Type of Option: Incentive stock options to the extent permitted under the Plan

Specific terms of this grant not described above, such as the Date of Grant and the Grant Price, are set forth in the cover letter that accompanies this grant agreement.

Terms and Conditions of this Grant

 

   

Your Stock Options may be exercised only after they become vested. Your Stock Options may not be exercised after the expiration date set forth above, or the earlier date that these Stock Options terminate in connection with your termination of service in accordance with the terms of the Plan. Stock Options can only be exercised if the Fair Market Value of the Shares being exercised exceeds the grant price for those Shares.

 

   

If your service with the Company terminates (for any reason except for Cause), you may exercise those Stock Options which have vested as of the last day of your service for up to 90 days after your termination date or, if earlier, the expiration date of the Stock Options.

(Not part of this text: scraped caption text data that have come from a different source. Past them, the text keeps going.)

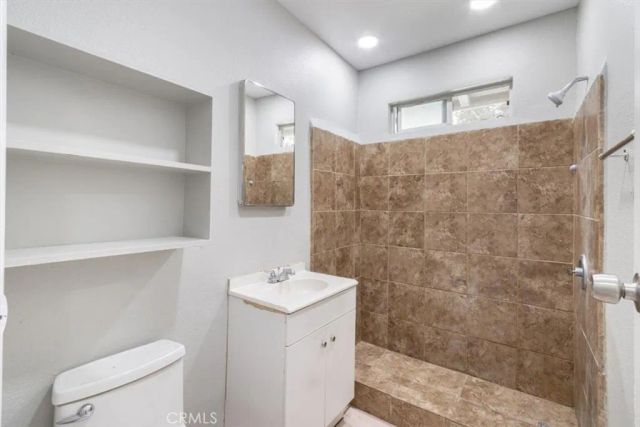 146 W 81st Street, Los Angeles, CA 90003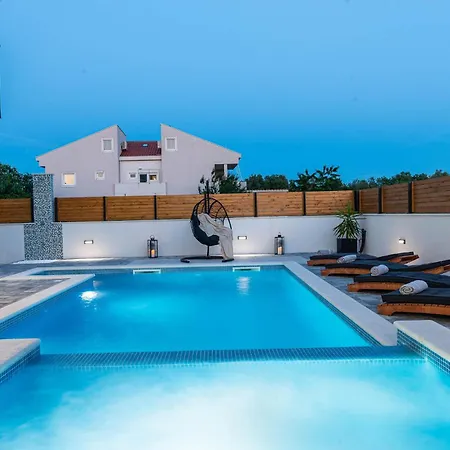 In With Swimming Pool Σπίτι διακοπών Bibinje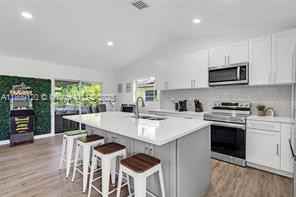 1020 Sw 8th St - Photo 5 of 8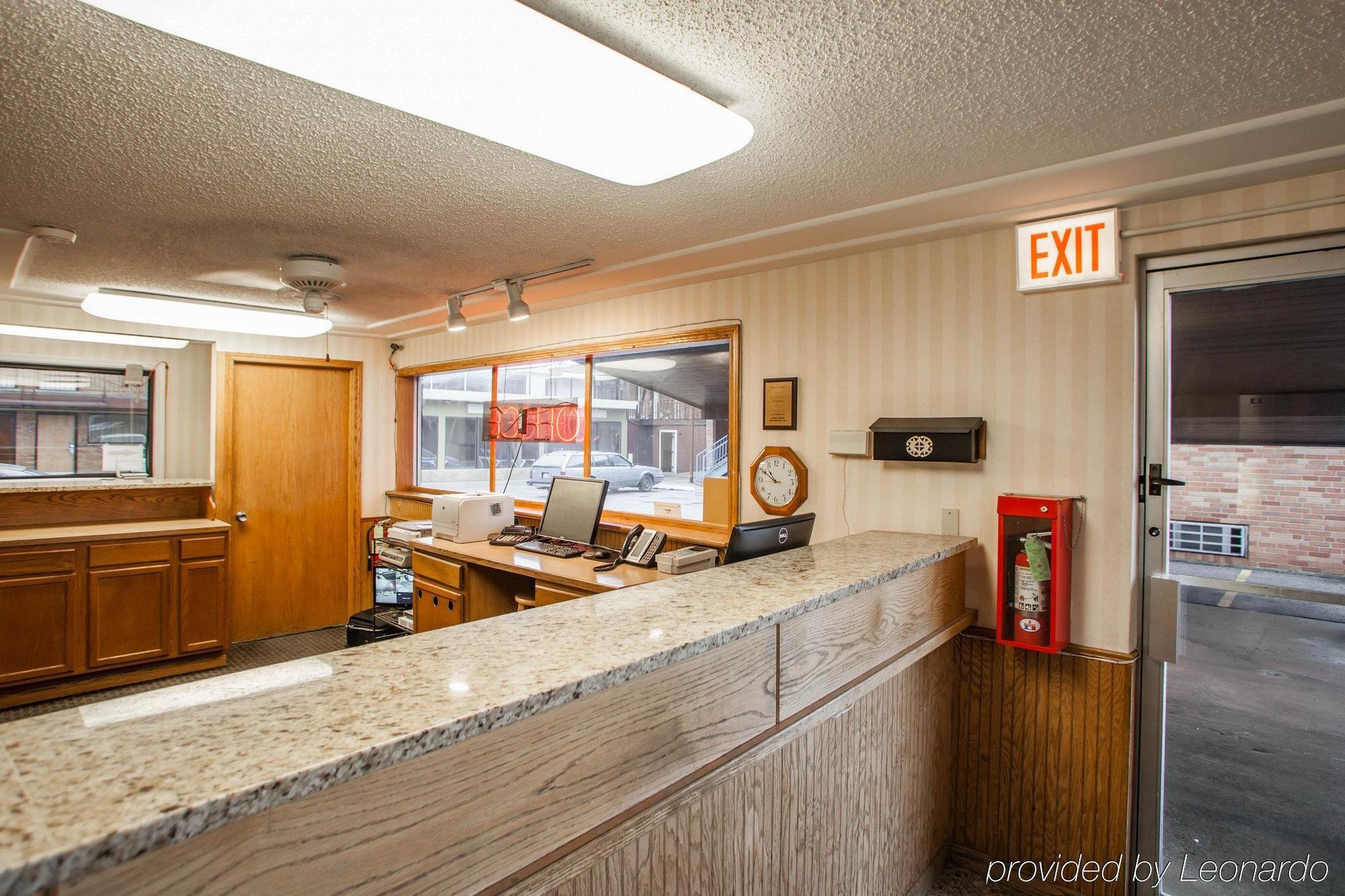 Rodeway Inn Lyons - La Grange Екстериор снимка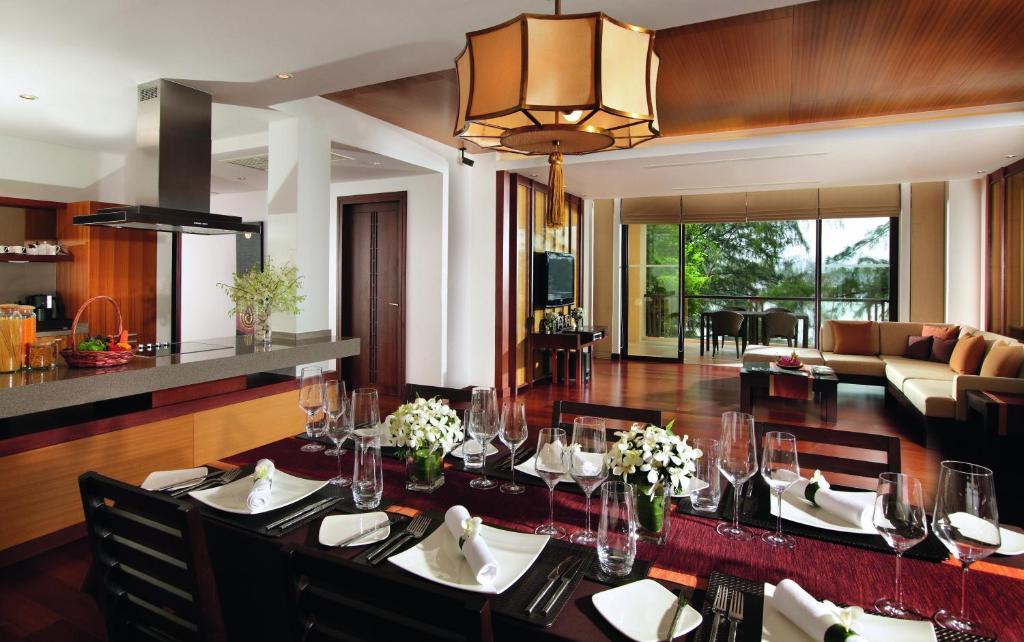 Three-Bedroom Residence,1437041461:JPEG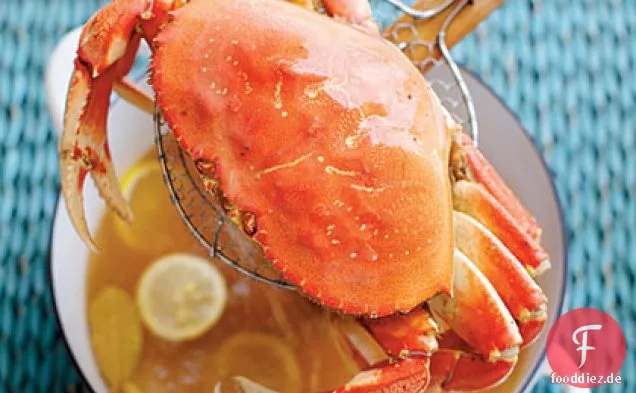Einfache gekochte Krabben mit Knoblauch-Wermutbutter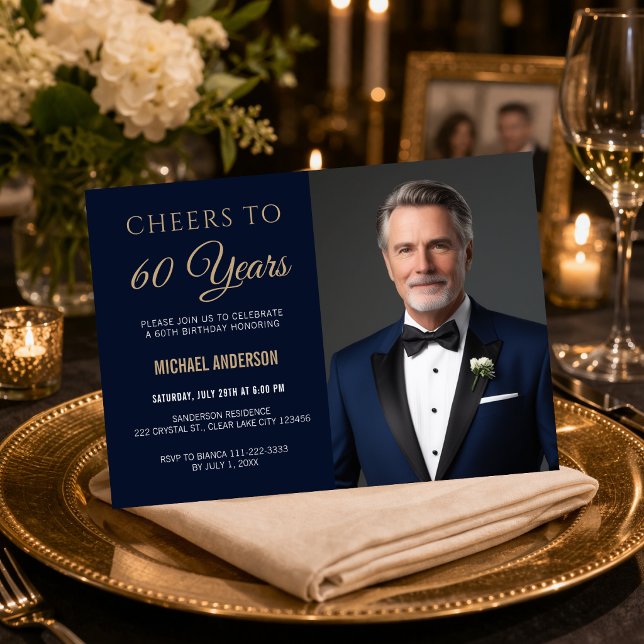 Cheers to 60 Years Invite Inbjudningar (Elegant navy and gold 60th birthday invitation with “Cheers to 60 Years” design)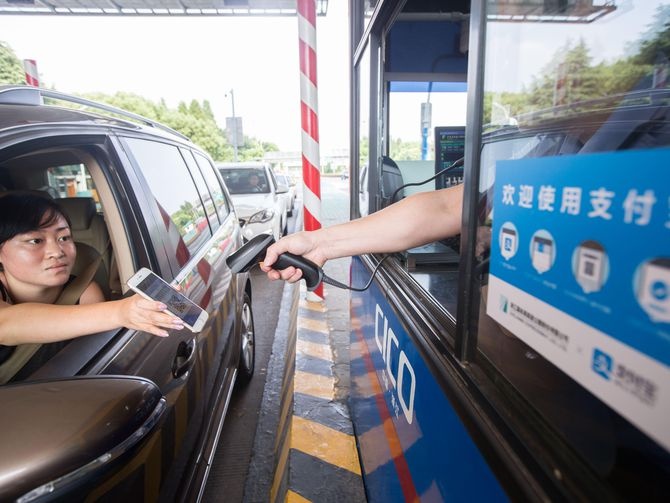 Khai tu tien mat anh 2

Exceptions are made for termination of service due to such reasons as death, Retirement or Disability, in accordance with the terms of the Plan. If your service with the Company terminates for Cause, all of your Stock Options (both vested and unvested) shall terminate no later than your last day of service. In addition, if after your service terminates the Company determines that your service could have been terminated for Cause had all relevant facts been known at the time of your termination, then the Company may terminate all of your Stock Options (whether vested or unvested) immediately upon such determination, and you will be prohibited from exercising your Stock Options thereafter. In such event, you will be notified of the termination of your Stock Options.


   

You have no shareholder rights (e.g. dividends, voting) with respect to the underlying Shares you may purchase by the exercise of these Stock Options until after you have purchased the Shares.

 

   

You must pay the grant price and any applicable withholding taxes due upon exercise by one of the methods available under the Company’s exercise procedures, which may include (1) paying by cash or check, (2) swapping previously-acquired mature Shares or (3) arranging a cashless exercise through the Company’s designated broker. Please refer to the Frequently Asked Questions (FAQs) for Stock Options for more details.

General

 

   

The grant of this Plan award to you does not limit in any way the right of the Company to terminate your service at any time for any reason, nor does it guarantee you will receive Plan awards in subsequent years.

 

   

The vesting of this award may be suspended or delayed as a result of a leave of absence.

 

   

In addition to the terms and conditions contained in this grant agreement, this award is subject to the provisions of the Plan document and Prospectus as well as applicable rules and regulations issued under local tax and securities laws and New York Stock Exchange rules. Capitalized terms used in this grant agreement have the meanings given in the Plan.

 

   

If the Compensation Committee of the Pentair Ltd. Board of Directors (the “Committee”) determines that recoupment of incentive compensation paid to you pursuant to this grant agreement is required under any law or any recoupment policy of the Company, then your Stock Options will terminate immediately on the date of such determination to the extent required by such law or recoupment policy, any prior exercise of your Stock Options may be deemed to be rescinded, and the Committee may recoup any such incentive compensation in accordance with such recoupment policy or as required by law. The Company shall have the right to offset against any other amounts due from the Company to you the amount owed by you hereunder.

 

   

The Committee may amend or modify the Plan at any time but generally such changes will apply to future Plan awards. The Committee may also amend or modify this award, but most changes will require your consent.

 

   

As a condition to the grant of this award, you agree (with such agreement being binding upon your legal representatives, guardians, legatees or beneficiaries) that this agreement will be interpreted by the Committee and that any interpretation by the Committee of the terms of this agreement or the Plan, and any determination made by the Committee under this agreement or the Plan, will be final, binding and conclusive.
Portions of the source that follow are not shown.